OBTAINING A SCHOLARSHIP
"Athletes receive scholarships based on their likeliness to help the team place at championships."
It’s a great achievement to obtain an athletic scholarship that covers some or all of the cost of attending college. But, it’s not free money and you have to earn your keep. Athletes receive scholarships based on their likeliness to help the team place at championships. The standards for placing at championships vary depending on the athletic conference, with standards in the Power Five conferences (ACC, Big Ten, Big-12, Pac-12, and SEC) generally being the most competitive. If your current high school performance is equivalent to a conference-scoring standard, that makes you a good candidate to receive a scholarship from a member institution.
To keep the scholarship, you need to put in the effort to help your team every year.

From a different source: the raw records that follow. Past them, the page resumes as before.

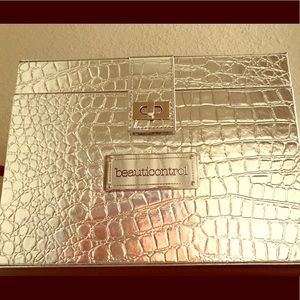 Large silver beauticontrol makeup/beauty box ✨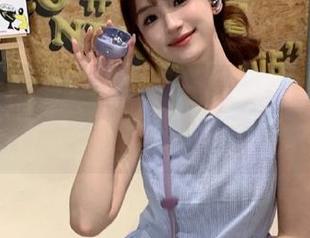 在“51黑料网红黑料门”中，视频资源曝光了哪些明星惊人的黑料？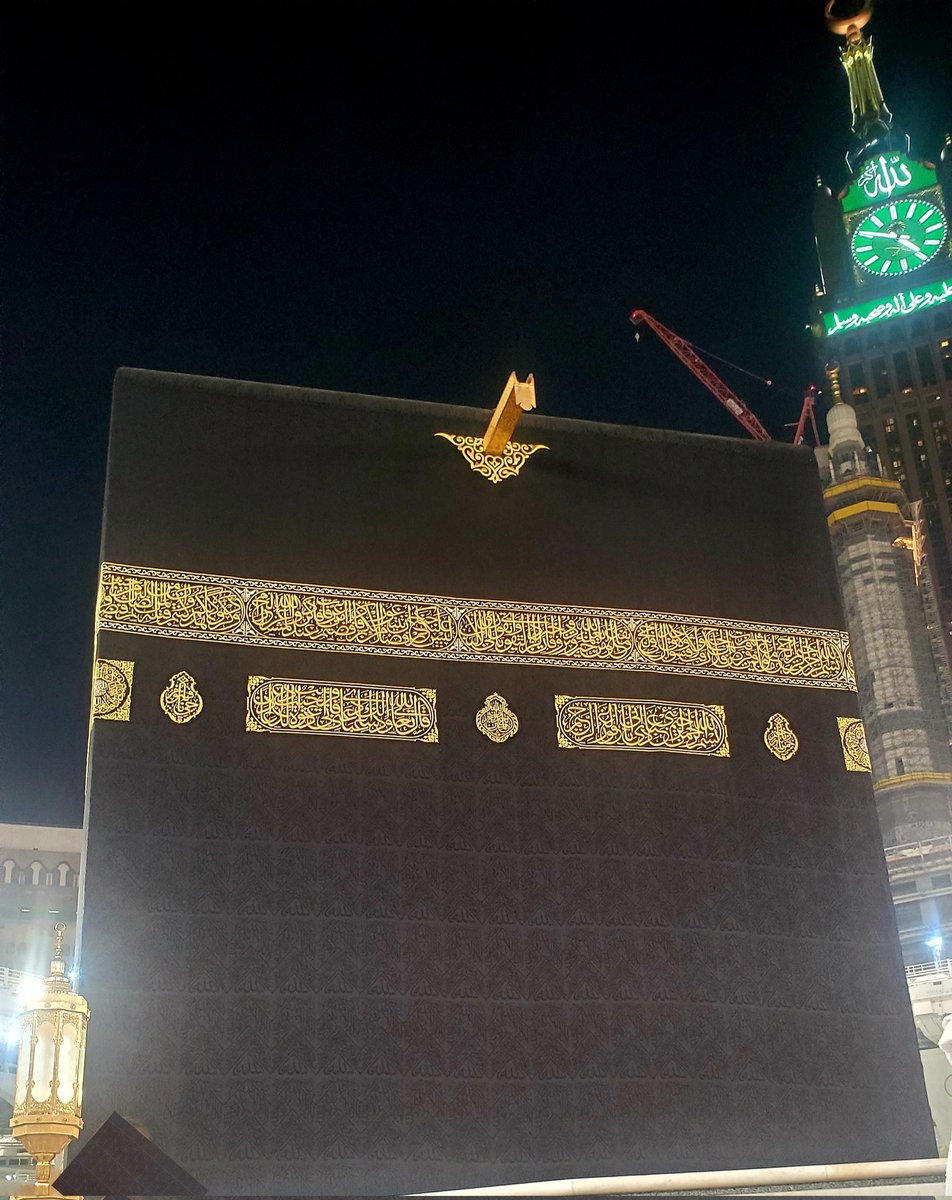 إلهي  بعدَ  أن ضاق  السبيلُ
أتيْتُكَ  و الهمومُ  لها  صهيلُ
و سُدّتْ  كل  أبواب   البرايا
و بابُكَ     لا يُرَدُّ     بهِ  نزيلُ
فأكرِمْ   مَنْ   أتاك  فأنت أهلٌ
وظنّي  فيك - يا ربّي - جميلُ
فما خابتْ ظنوني فيك يومًا
و حسبي إن قصدتُك  يا جليلُ
#الغوث محمد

Your coaches expect that from you. While coaches might say that your scholarship is guaranteed for a number of years unless you commit a serious infraction, if they are dissatisfied with your work ethics, they could make you discontented to the point where you quit the team and free up the scholarship for another athlete. Coaches may also warn you that you are not earning your scholarship and require more from you. Additionally, teammates pay attention to the work ethics of scholarship recipients and could sour your experience if you are doing less than non-scholarship athletes. This is one of the compelling reasons for not announcing your scholarship details.
That aside, you should know that athletic scholarship offers could range substantially from one DI institution to another. In a rare case, one university may offer as much as a full ride for up to five years covering tuition, room, books, fees, the most generous meal plan, and a stipend to spend on personal items. With track and field being an equivalency sport, many of the 12.6 male and 18 female full scholarships are divvied up among the cross country, indoor track and outdoor track athletes, with few athletes obtaining a full ride. From another university, the same athlete could be offered a back-loaded scholarship, where the value of the scholarship is scheduled to increase over time, when the athlete is expected to be more impactful in helping that team to score in championships. Note, don't be discouraged if a coach says there is no money for you at the moment and doesn't offer you a scholarship. While there are no guarantees, if you demonstrate significant improvement and become a major contributor to the team, you can earn a scholarship while competing for the university.
That student-athlete, if exceptionally strong academically, may be encouraged to apply for particular academic scholarships that supplement athletic aid and even free up funds for other athletes. Academically-strong student-athletes provide an added value by boosting the team average GPA. If applying to an Ivy League university, the same athlete by rule wouldn’t receive any type of scholarship but instead, would be directed to apply for need-based financial aid that is independent of performance. Even in the absence of financial aid, some student-athletes choose to leverage their athleticism to gain admission to an Ivy where they are providing a value to the institution, because they believe there will be an advantage in long-term earning potential upon embarking on a career. Ultimately, being strong academically provides a myriad of options.
Furthermore, some scholarship offers by an institution could change dramatically over the course of one’s recruiting time frame. Until a Tender of Financial Aid is signed along with the National Letter of Intent (NLI), offers could be altered. Sometime into the process, you may be able to leverage offers from other institutions to maximize the scholarship you finally accept. Or, your athletic performance may improve significantly over the recruiting period, making a compelling case for a larger scholarship.
Fortuitously, scholarship funds may become available at a particular institution further into the recruiting period due to an existing athlete departing or when a high priority recruit rejects an offer. I watched that situation play out with two athletes I know. One was being aggressively pursued by a college coach, while the second wasn’t getting much attention by the same coach. After the first athlete announced his commitment to another institution, it was cool to see the second athlete abruptly receive an offer that was much greater than what he could have expected given the initial halfhearted reception from the coach.
On the flip side, many athletes have seen their scholarship offers reduced over the recruiting period. Year after year, I have heard of offers being reneged if a coach leaves, when a recruit delays accepting the initial offer, and for other reasons.
When it comes to maximizing athletic scholarships, you start by assessing your true value, and matching yourself with programs where your personal best times are within the range of their historically top ten times as well as competitive within their conferences. When prioritizing earning a scholarship, one strategy in the recruiting process might be to consider college track and field programs where you’re a big fish in a small pond—where your bad-day performance is still one of the top season’s performances for your institution.